A much better solution would be to _vary the compression_ depending on the demand on the system, maintaining high and low side pressures within as tight margins as possible, and thereby maintaining a relatively constant temperature drop across the evaporator. This way, if you set your climate control to 70°F, there might be 50°F air coming out of the evaporator more or less reliably, and the control system can then depend on this and better control mixing with cabin or outside air to maintain temperature in the cabin.

This is exactly the strategy used in the E46 and all late-model BMWs to manage the cooling output of the AC system. The compressor uses a more complex technology called a _variable thrust-plate_ design, which allows the amount of compression to be varied by adjust the piston travel in the compressor. It is described here:



















This design matches the load on the engine to the actual cooling demand, rather than loading the engine in an all-or-nothing fashion as the cycling strategy does. As a result, most of the time under most conditions the compressor load is modest, the impact on fuel economy small, and the cooling output of the system much more constant so that the climate control system can manage cabin temperatures more effectively.

Because of this, parasitic losses are far less noticable, especially when ambient temperatures are relatively mild.
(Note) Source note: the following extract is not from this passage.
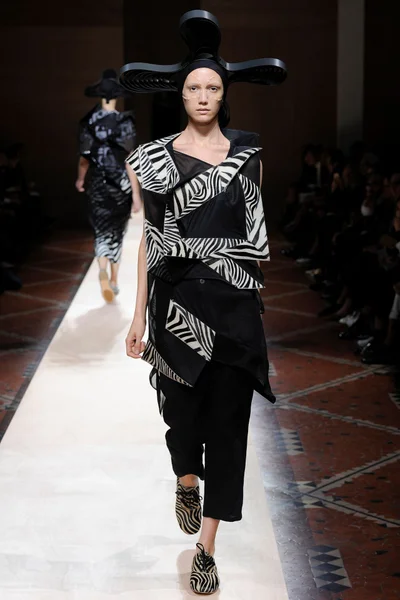 Look 38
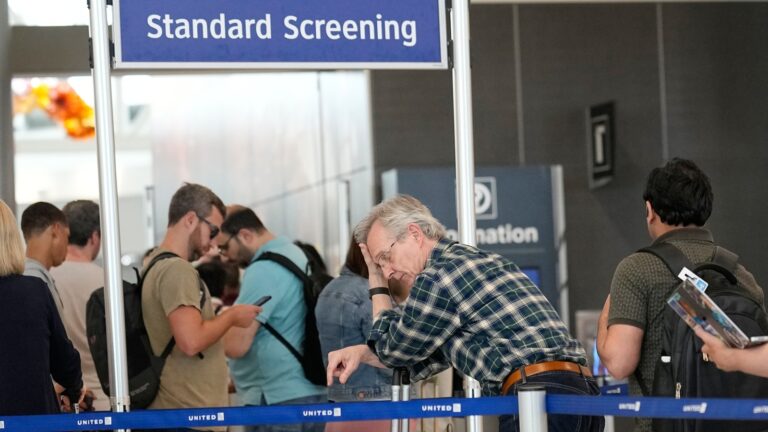 Understanding Trump’s Executive Order on TSA Officer Compensation and Its Implications for Airport Security Lines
One can leave the AC on to gain the benefits of dryer air and controlled cabin temperatures even when the outside temp is in the sixties or seventies, and yet the impact on acceleration performance is almost unnoticable. As with the fixed-compressor design, BMWs employ the WOT cut-out strategy as well to ensure that the driver's intent is being served.

Overall, this design, while more complex, produces a far more efficient system, resulting in better cooling performance, better load management, and better fuel economy. It also enables the driver to simply leave the AC on all the time if they desire, so that cabin air is always controlled and comfortable, without much concern about acceleration performance or fuel economy impact -- the system matches itself to the needs of the driver and the ambient conditions. Those times when we would have left the AC off for fear of trashing milage and suffering unnecessary parasitic power losses for driving -- i.e. when outside air is mild or cool -- and instead suffer the problems with open windows or too-humid outside air in "vent" mode on the climate control system, can now just leave the thing on all the time and not worry about it.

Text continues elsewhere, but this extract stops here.